_PROBLEM DETAILS_
The data below contains pictures, which are to be skipped; the lines starting at the line with "Grade geschnittenes Minikleid" and ending at the line with "Modern kitchen featuring" are to be output exactly, both ends included.

_DATA_
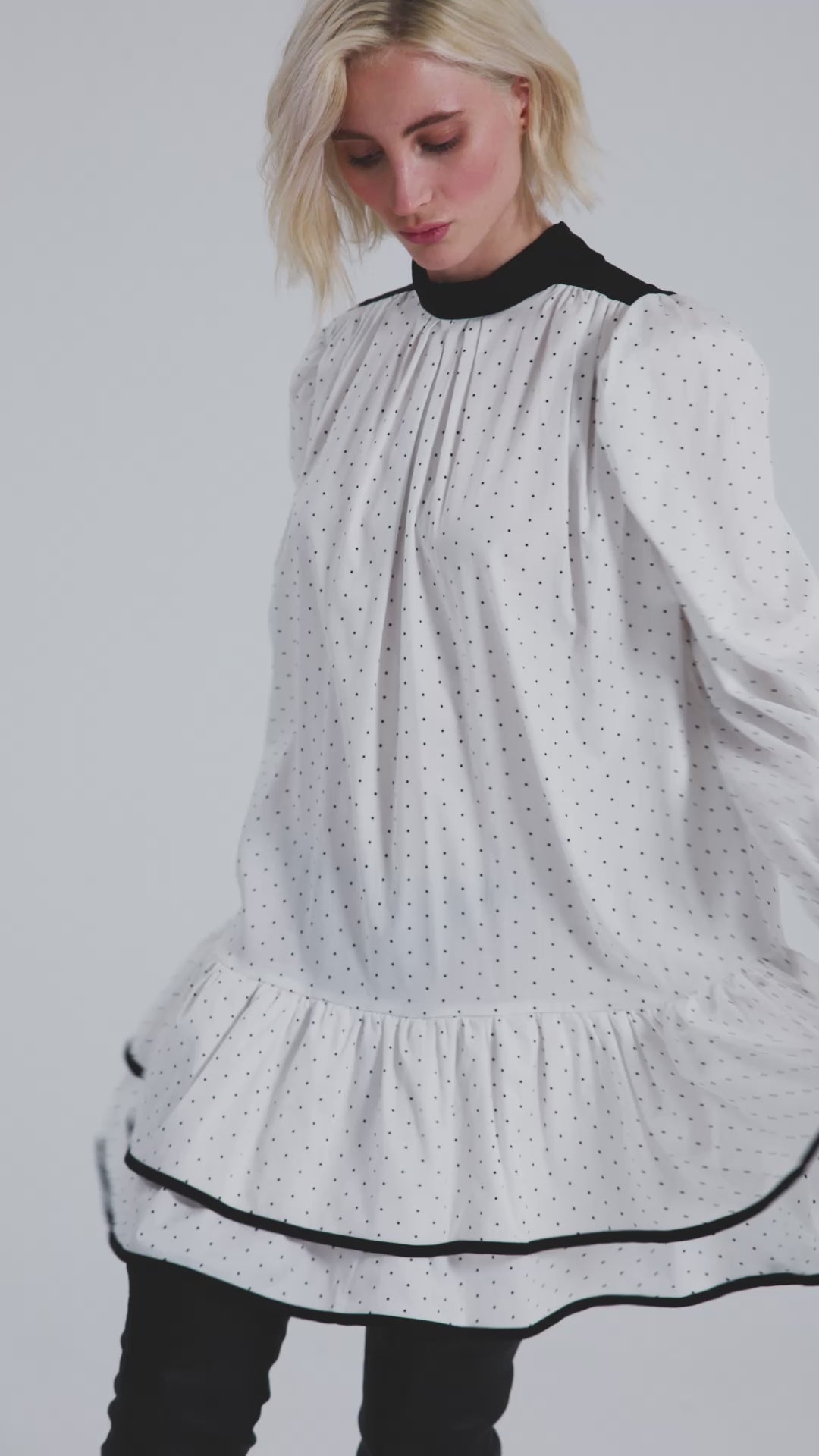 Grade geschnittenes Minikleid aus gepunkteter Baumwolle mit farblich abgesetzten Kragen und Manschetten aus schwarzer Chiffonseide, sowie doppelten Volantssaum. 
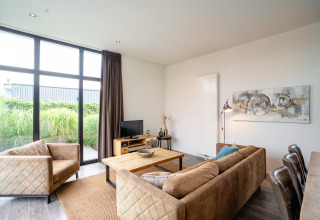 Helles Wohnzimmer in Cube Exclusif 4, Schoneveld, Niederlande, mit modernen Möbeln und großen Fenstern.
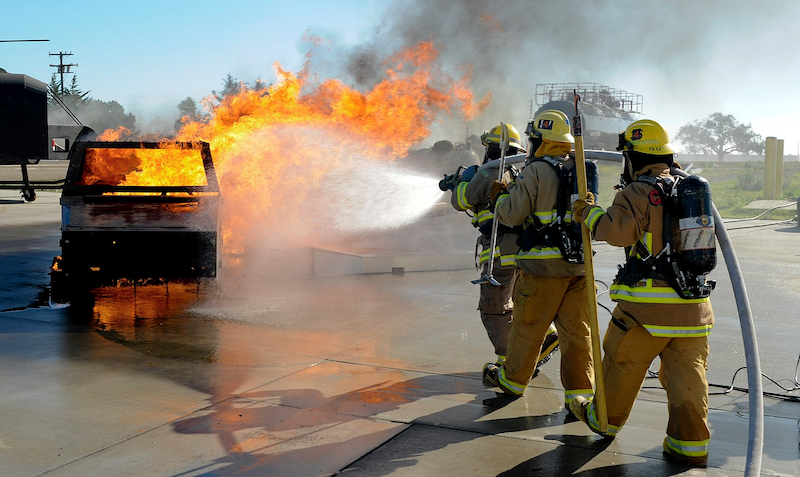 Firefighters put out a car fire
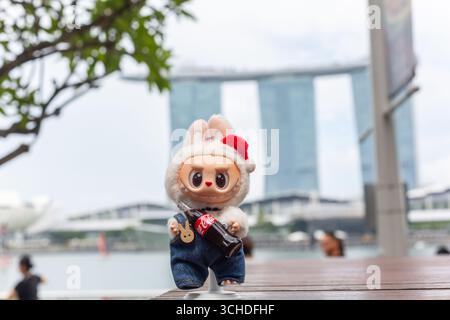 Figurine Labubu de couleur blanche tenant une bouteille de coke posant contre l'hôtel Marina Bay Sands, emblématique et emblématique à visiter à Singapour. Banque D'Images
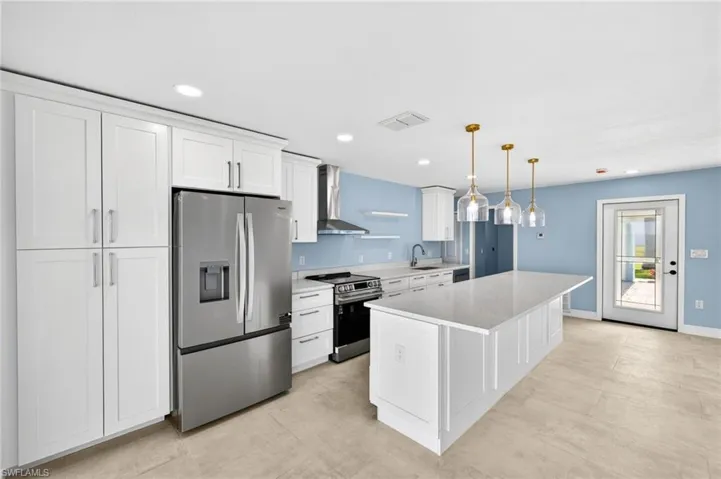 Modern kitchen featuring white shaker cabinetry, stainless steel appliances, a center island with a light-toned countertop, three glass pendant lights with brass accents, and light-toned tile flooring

* * *

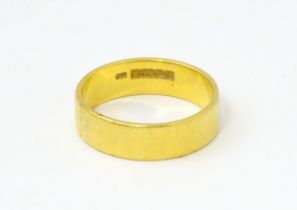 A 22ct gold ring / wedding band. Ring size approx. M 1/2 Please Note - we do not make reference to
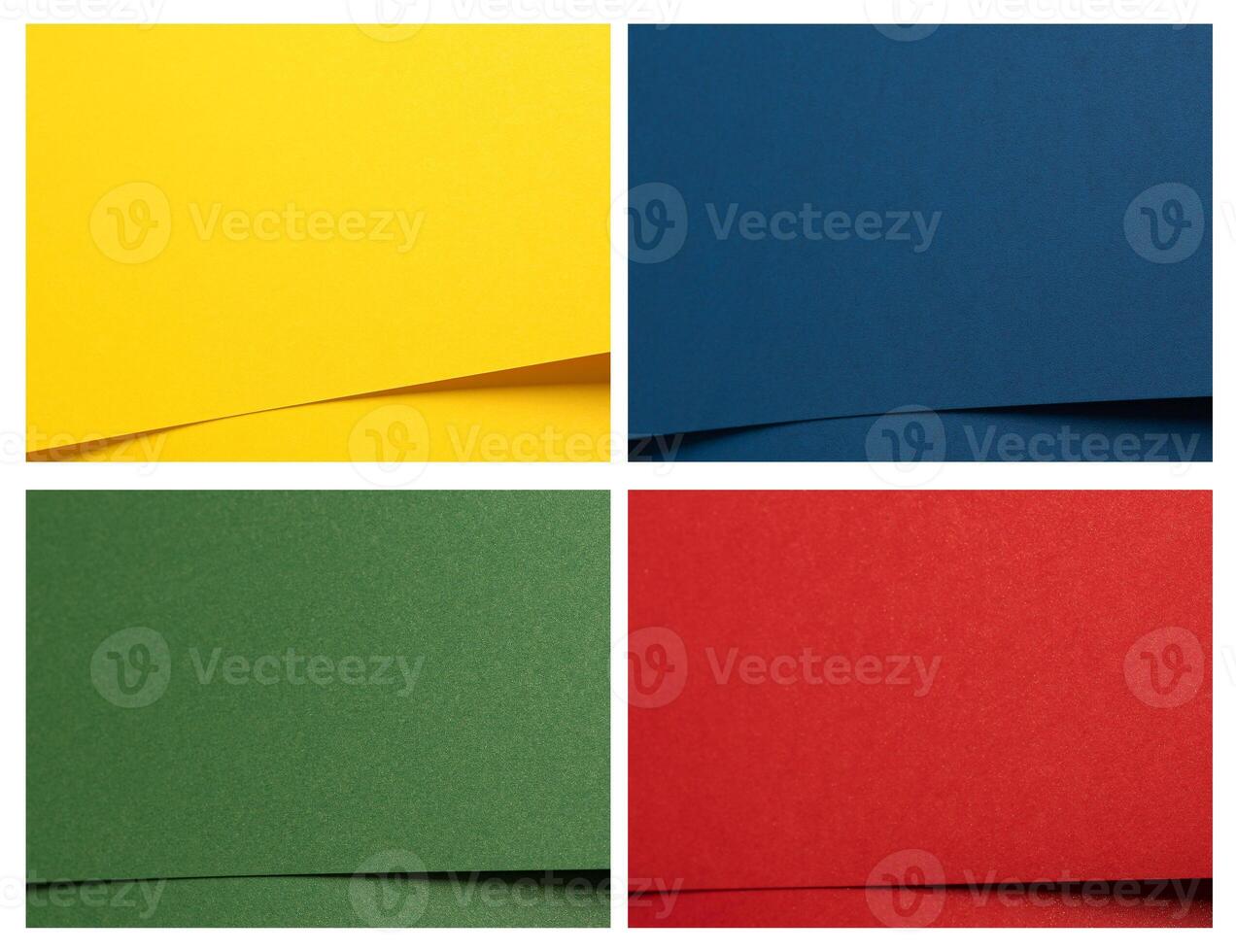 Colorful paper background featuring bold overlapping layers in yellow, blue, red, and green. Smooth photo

_REPLY_
 Grade geschnittenes Minikleid aus gepunkteter Baumwolle mit farblich abgesetzten Kragen und Manschetten aus schwarzer Chiffonseide, sowie doppelten Volantssaum. 
 Helles Wohnzimmer in Cube Exclusif 4, Schoneveld, Niederlande, mit modernen Möbeln und großen Fenstern.
 Firefighters put out a car fire
 Figurine Labubu de couleur blanche tenant une bouteille de coke posant contre l'hôtel Marina Bay Sands, emblématique et emblématique à visiter à Singapour. Banque D'Images
 Modern kitchen featuring white shaker cabinetry, stainless steel appliances, a center island with a light-toned countertop, three glass pendant lights with brass accents, and light-toned tile flooring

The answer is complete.